Keywords: abdominal obesity antihypertensive therapy arterial hypertension fixed-dose combination of antihypertensive agents non-fixed combination of antihypertensive agents


Introduction

Arterial hypertension (AH) is the most common cardiovascular (CV) risk factor worldwide1,2. Prevalence of AH in European countries fluctuates from 20% to 50% of the adult population3,4. AH is frequently associated with various metabolic diseases including abdominal obesity (AO)5,6. In fact, at least 60% of AO patients were reported having mild-to-moderate AH7 and 15-20% of them had severe–to-refractory AH8. Moreover, endothelial dysfunction, dyslipidaemia, insulin resistance (IR), increased serum uric acid (SUA) - hypeuricemia (HUE), microvascular inflammation, which are accompanied to both AH and AO, can accelerate atherosclerosis, mediate pro-coagulation state and sufficiently elevate a risk of CV complications9,10,11. In this context, tight control for systolic and diastolic blood pressures (BP) at target levels (generally <140/90 mm Hg) is considered a useful tool for improving survival and preventing life-threatening events12,13. Unfortunately, double and triple combined anti-hypertensive therapy did not correspond to achieve target level of BP in many cases in patients with AO14. Previous studies have shown that more than half of patients needed double therapies to achieve full control in BP, while 20–30% of patients required triple combination and ever more15,16,17. It has been postulated that poor adherence to antihypertensive treatment, respectively high frequency of adverse effects and low tolerability could be the main causes to withdraw from the therapy18. Early prescription of triple fixed-dose combination could improve patient response to the treatment and consequently decrease CV risk.

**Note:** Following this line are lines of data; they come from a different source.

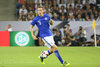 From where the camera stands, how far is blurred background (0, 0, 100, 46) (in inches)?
855

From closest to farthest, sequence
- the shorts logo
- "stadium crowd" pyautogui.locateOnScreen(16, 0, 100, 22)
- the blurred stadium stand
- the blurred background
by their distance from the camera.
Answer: the shorts logo < the blurred background < "stadium crowd" pyautogui.locateOnScreen(16, 0, 100, 22) < the blurred stadium stand

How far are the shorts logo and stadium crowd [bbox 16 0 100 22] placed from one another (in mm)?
1500

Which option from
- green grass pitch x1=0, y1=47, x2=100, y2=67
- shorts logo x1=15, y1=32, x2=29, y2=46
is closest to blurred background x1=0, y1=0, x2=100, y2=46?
shorts logo x1=15, y1=32, x2=29, y2=46

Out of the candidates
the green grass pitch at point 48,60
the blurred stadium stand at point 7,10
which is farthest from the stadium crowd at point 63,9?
the green grass pitch at point 48,60

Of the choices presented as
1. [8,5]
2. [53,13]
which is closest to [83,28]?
[53,13]

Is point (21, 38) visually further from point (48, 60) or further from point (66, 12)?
point (48, 60)

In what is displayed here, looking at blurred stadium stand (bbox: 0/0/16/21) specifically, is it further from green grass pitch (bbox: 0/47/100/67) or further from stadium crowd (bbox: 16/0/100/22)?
green grass pitch (bbox: 0/47/100/67)

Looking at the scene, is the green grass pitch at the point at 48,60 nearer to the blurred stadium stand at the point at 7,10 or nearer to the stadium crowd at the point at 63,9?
the stadium crowd at the point at 63,9

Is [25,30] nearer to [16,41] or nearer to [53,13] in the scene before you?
[16,41]

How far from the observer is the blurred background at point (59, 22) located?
21.7 m

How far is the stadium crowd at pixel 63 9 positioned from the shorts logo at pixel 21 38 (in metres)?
1.50

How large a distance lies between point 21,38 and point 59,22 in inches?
119

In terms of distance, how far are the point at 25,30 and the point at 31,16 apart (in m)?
1.34

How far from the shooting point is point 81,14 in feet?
76.9
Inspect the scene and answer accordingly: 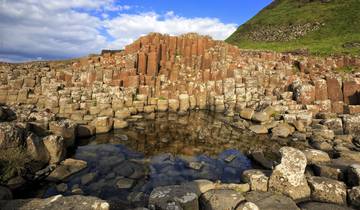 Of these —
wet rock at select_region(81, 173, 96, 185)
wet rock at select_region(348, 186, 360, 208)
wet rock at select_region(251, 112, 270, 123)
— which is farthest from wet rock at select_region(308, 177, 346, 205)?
wet rock at select_region(251, 112, 270, 123)

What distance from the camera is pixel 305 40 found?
53500mm

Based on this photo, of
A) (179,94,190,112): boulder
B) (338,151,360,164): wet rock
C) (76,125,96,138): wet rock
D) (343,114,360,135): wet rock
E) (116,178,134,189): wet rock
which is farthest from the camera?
(179,94,190,112): boulder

Substantiated triple fixed-dose combinations of angiotensin-converting enzyme (ACE) inhibitor perindopril (P), thiazide-like diuretic (TLD) indapamide (Ind), and long-acting dihydropyridine calcium channel blocker (CCB) amlodipine (Aml) is considered most promising to achieve high efficacy and superiority in safety when compared with the same non-fix dose combination19. The study aimed to investigate the efficacy of triple fixed-dose versus the non-fixed combination of P + Ind + Aml in obese patients with moderate-to-severe AH.

Download figure
Enlarge figure
Figure 1 . Flow chart with including/excluding criteria of the study.

Methods

Seventy-five moderate-to-severe hypertensive patients with AO aged from 48 to 66 years (45 men and 30 women) were selected from the entire cohort (n=375) according to the inclusion and exclusion criteria (Figure 1). Inclusion criteria were patients with uncontrolled hypertension (systolic and/or diastolic BP levels > 140/90 mm Hg despite previous anti-hypertensive treatment with double drugs combination) at the study entry, age > 18 years and with written informed consent to participation in the study. Non-inclusion criteria includes patients with an acute coronary syndrome, acute myocardial infarction, heart failure, type 2 diabetes mellitus, angina pectoris, severe chronic renal failure, acute and chronic inflammatory diseases, severe liver insufficiency, chronic obstructive pulmonary disease, bronchial asthma, pregnancy, malignancy, and disability to know the reason of informed consent.

Study Design

This is an open-label, randomized, parallel-group and controlled study.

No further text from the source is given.